Last year’s earthquake seriously undermined Nepal’s food security with losses estimated at more than $280 million in the agriculture sector alone. Nearly two-thirds of the country’s population relies on agriculture for their livelihood, which has made it even tougher for farmers affected by the earthquake. The quakes destroyed grain and seed stockpiles, killed and injured livestock, wrecked tools and implements and collapsed regional irrigation and agricultural markets’ infrastructure.
While the program’s monitoring and evaluation activities are still underway, initial estimated impacts show the storage bags and cocoons distributed are expected to save about 2,700 tons of grain and seed. In addition, agricultural hand tools have helped sustainable agriculture take hold, and agronomy guides have provided information on new production technologies and management practices. Distributed mini-tillers can also cover 700 hectares of land, reducing drudgery for women in particular due to their light weight. Mechanics trained by the program also ensure mini-tillers will be repaired and available locally, which encourages continued demand for the machines.

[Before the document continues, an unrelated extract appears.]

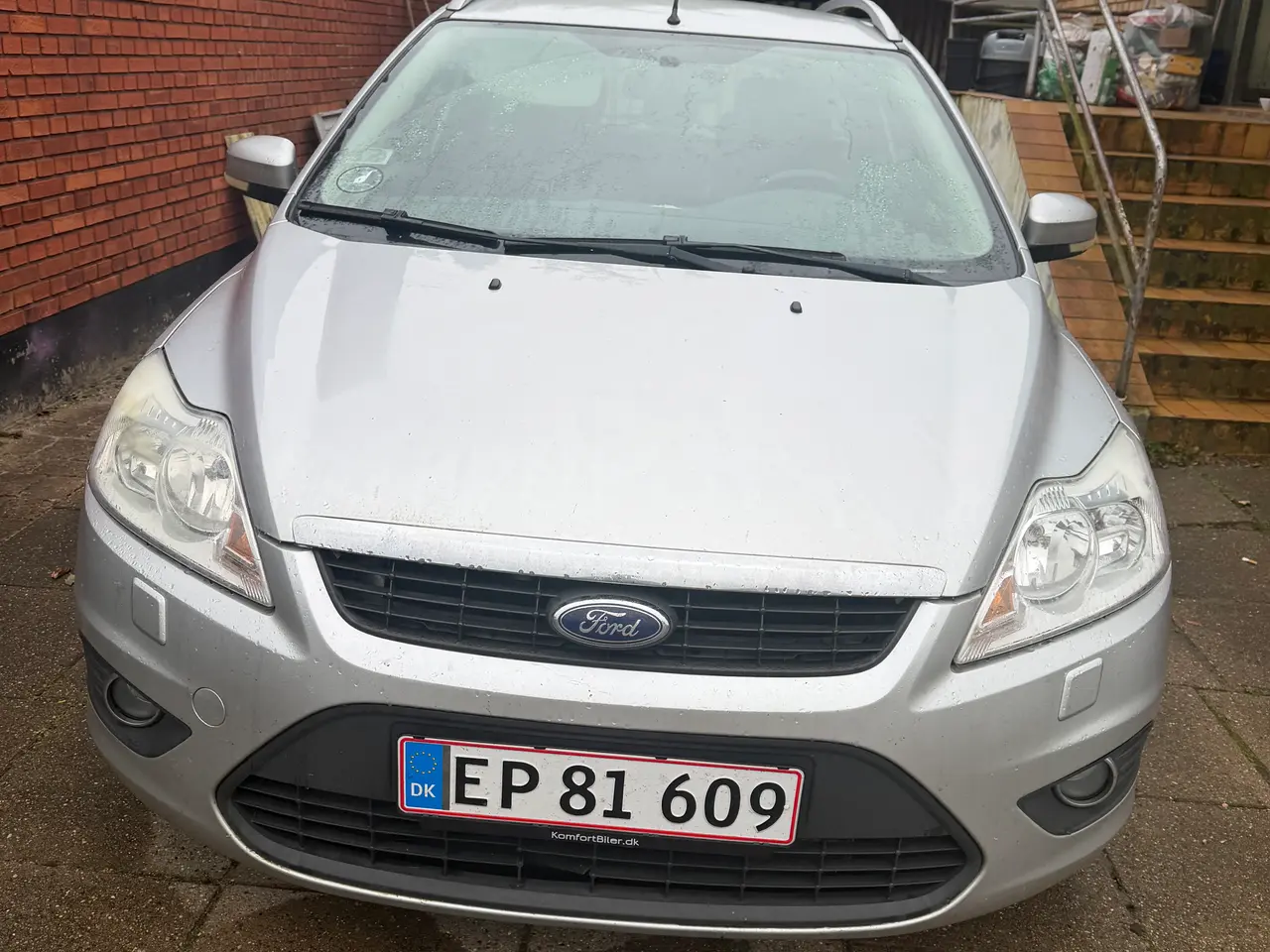 Billede 1 - Ford Focus Stationsvogn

CIMMYT Director General Martin Kropff, observes a mini-tiller in operation during his visit in March this year to Nuwakot, one of the districts benefiting from the Earthquake Recovery Support Program in Nepal. Photo: A. Rai/CIMMYT
Subarna Bhandari, one of the recipients from Sindhupalchowk district, operated his mini-tiller for a total of 120 hours, earning approximately $540 within 3 months. The combined 8 machines that were distributed in his area would therefore help the recipients earn over $4,000. Another beneficiary previously needed three pairs of bullocks for two rounds of plowing at a cost of roughly $60. Thanks to the mini-tiller, the same activity now only costs $14.

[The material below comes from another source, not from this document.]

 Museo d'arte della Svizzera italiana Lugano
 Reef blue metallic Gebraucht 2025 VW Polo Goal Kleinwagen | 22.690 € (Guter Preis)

“Keeping cattle for farm labor is costly and tedious because they need feed and fodder throughout the year, even when they are not in use,” says Mitra Shrestha, a farmer from Nuwakot district. “However, the mini-tiller needs fuel only when it is being used. In one hour the machine can cultivate an area that would require a pair of cattle to work an entire day,” she adds.
Shrestha uses the surplus time she can now spare for vegetable farming and other household chores. “In fact, I now also use the mini-tiller for land preparation of potatoes, since it can till deeper and make ridges.”
Beyond the earthquake program, CSISA is moving some of its activities into these districts so that it can build upon the momentum created around scale-appropriate mechanization over the last year. The Nepal Seed and Fertilizer project, led by CIMMYT, also works in the earthquake zone.